The Eucharist is truly the sacrament of union and at the same time it is the clearest and most convincing proof that God calls us and pleads with us to come to intimate union with Himself. It is called the mystery of faith. Only faith can make us see God present under the appearance of Bread. When Jesus announced the institution of the Eucharist, many of his disciples were scandalized and some of His disciples who had been following Him went back and walked no more with Him. Faith is a gift from God. We should dispose ourselves by asking for this grace in humble, trusting prayer and by an active practise of faith. The more intense our faith the more it will appear in our attitude towards Jesus.

 

Eucharist is the source of great hope and confidence in our present life by increasing grace in us. It also increases our charity. With the growth of charity our passions are subdued. St Augustine says, “the increase of charity is the decrease of passion.” If the struggle against a certain fault or temptation sometimes becomes very violent and difficult, if inspite of all our efforts, we do not succeed in overcoming our nature, let us have confidence in the Blessed Sacrament. When Jesus comes to us, He can calm any storm and give us strength to win any kind of battle.
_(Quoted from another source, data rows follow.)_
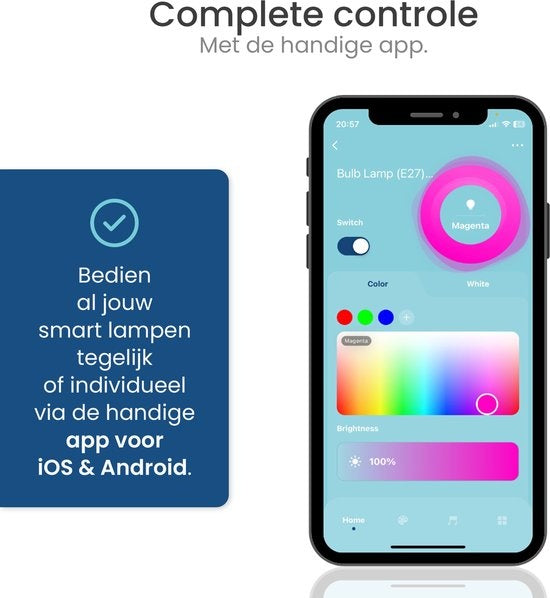 Gologi Slimme Wandlamp - Binnen en Buiten - Lamp Zwart - Industrieel - Smart Lamp - Buitenlamp - Waterdicht - Energiezuinig en Roestvrij - RGB - Met App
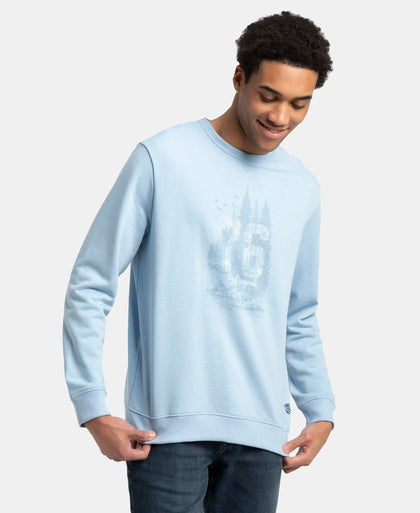 Super Combed Cotton Rich French Terry Printed Sweatshirt with Ribbed Cuffs - Powder Blue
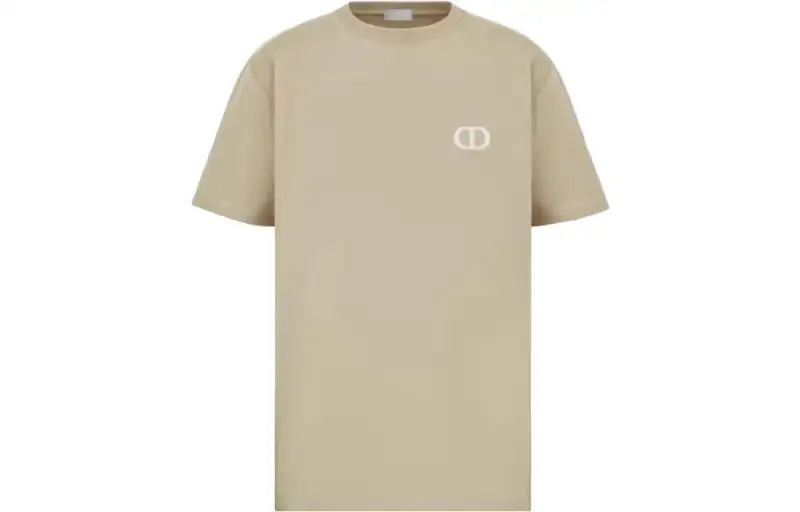 DIOR T Shirts Men's Beige Crew Neck Moderate Straight Fit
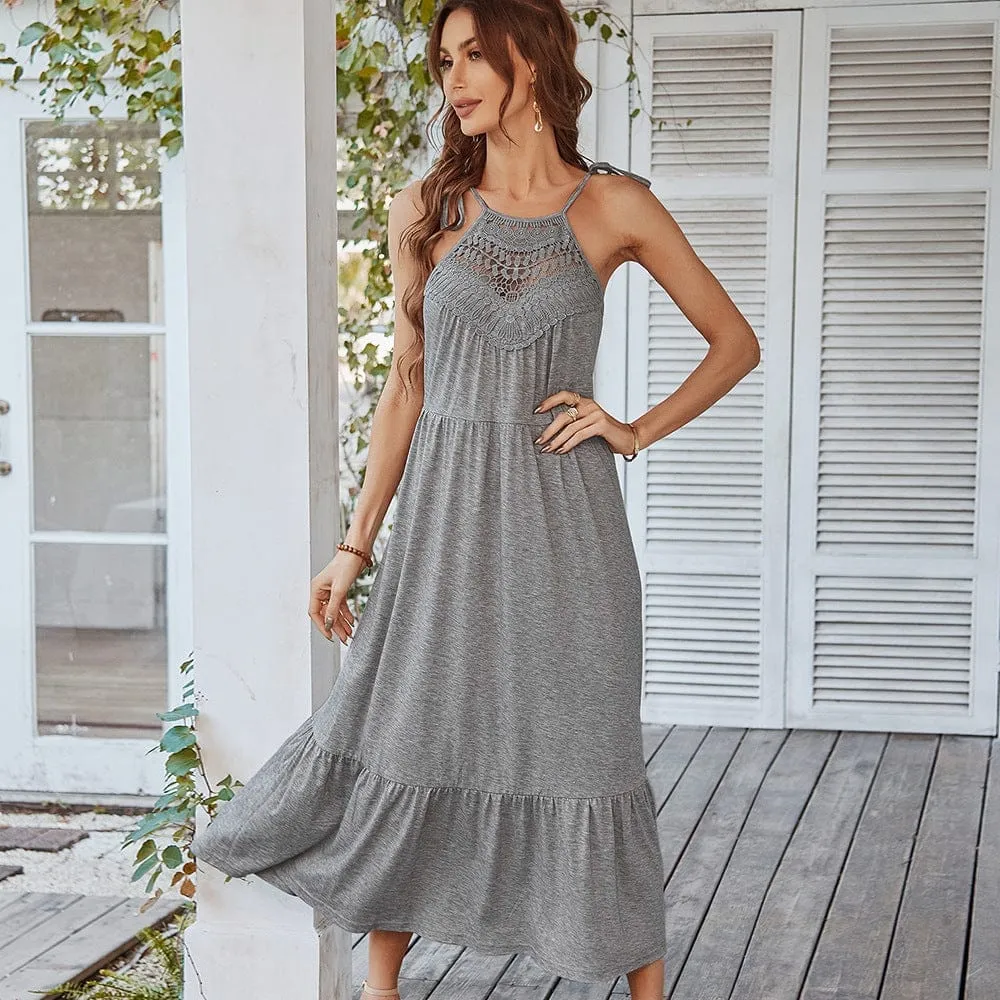 2022 Summer Dress women's Loose Solid Color Casual Maxi Dresses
Jesus is our hope.

 

The liturgy speaks about God’s everlasting love for His people, how much He loves them, how He leads the people of Israel forty years through the wilderness, how God feeds his people with manna in the wilderness, how God protects them from the fiery serpents, scorpions and from the thirsty ground, where there was no water, He gave them water from the rock and fed in the wilderness with manna. God loves His people with an everlasting love putting no condition on his love.

 

In the Gospel, Jesus speaks about His everlasting love in giving himself to be our food and drink. God loved the world so much that He gave His only Son to die on the cross for sinners and Jesus loved sinners so much that He offered His body and blood to be our food on our journey of faith. Jesus gives Himself to us every day in the holy sacrifice to be our companion and love in our daily struggles, to be with us forever not to leave us orphans as unwanted, forgotten but to be our companion all through our life. Lord Jesus, you instituted the sacrament of your Body and Blood because Your love exceeds all words. Burning with love for us, you desired to give yourself to us and took up Your dwelling in the consecrated host entirely and forever; you did this to remain with us forever.

 

Lord Jesus, you find Your delight in being with us but do we find ours in being with You. Do we who have the privilege of dwelling so near Your altar, perhaps even in your own house, find our delight in being with you? Is it not true that we pay very little attention to preparing ourselves each day as worthily as we can for the Eucharistic Banquet while we allow ourselves to be absorbed in so many things. Jesus comes to us every morning but does He always get a warm, delicate, attentive and loving welcome? He finds the hearts of His friends filled with thousand thoughts, distractions, worldly affections while there is little room for the divine guest. May the Eucharist draw us ever more deeply into the love of Christ, strengthen our faith and charity, and make our whole life a living testimony of His abiding presence.

 


Response: O Jerusalem, glorify the Lord!